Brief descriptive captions
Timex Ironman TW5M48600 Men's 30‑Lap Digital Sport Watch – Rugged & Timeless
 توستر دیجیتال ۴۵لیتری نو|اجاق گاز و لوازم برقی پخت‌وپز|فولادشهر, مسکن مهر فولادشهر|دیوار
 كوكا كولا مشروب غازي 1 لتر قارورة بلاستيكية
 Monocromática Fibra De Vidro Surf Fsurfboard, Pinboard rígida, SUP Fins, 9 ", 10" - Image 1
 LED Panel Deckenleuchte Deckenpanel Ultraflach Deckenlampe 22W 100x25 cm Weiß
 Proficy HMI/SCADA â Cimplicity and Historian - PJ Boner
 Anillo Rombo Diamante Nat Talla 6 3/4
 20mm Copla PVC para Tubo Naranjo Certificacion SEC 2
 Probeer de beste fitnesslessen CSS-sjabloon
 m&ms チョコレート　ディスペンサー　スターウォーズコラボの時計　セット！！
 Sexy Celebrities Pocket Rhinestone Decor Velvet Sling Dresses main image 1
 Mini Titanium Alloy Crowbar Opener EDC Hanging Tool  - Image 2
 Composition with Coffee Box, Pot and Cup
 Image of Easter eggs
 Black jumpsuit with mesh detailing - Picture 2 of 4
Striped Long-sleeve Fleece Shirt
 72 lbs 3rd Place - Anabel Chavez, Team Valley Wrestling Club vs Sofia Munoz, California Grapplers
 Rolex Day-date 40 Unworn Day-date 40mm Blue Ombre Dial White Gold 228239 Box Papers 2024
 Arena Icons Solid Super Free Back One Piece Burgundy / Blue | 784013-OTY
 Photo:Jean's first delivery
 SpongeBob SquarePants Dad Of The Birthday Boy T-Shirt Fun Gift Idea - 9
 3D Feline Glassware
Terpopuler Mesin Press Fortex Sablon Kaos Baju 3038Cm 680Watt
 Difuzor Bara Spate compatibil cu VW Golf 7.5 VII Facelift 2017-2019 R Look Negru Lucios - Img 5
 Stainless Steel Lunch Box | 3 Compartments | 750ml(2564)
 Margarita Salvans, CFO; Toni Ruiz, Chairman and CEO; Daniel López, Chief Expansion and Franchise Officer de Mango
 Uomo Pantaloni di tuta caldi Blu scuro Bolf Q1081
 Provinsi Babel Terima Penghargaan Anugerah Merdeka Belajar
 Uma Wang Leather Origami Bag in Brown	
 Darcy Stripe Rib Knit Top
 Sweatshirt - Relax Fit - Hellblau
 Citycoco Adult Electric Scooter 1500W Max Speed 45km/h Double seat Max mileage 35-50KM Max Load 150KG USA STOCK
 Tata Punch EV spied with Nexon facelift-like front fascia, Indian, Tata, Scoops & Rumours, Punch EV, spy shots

__Aim of the exercise__
Filter the records above for lines containing the word "Blue", and copy those lines.

__Result below__
 Rolex Day-date 40 Unworn Day-date 40mm Blue Ombre Dial White Gold 228239 Box Papers 2024
 Arena Icons Solid Super Free Back One Piece Burgundy / Blue | 784013-OTY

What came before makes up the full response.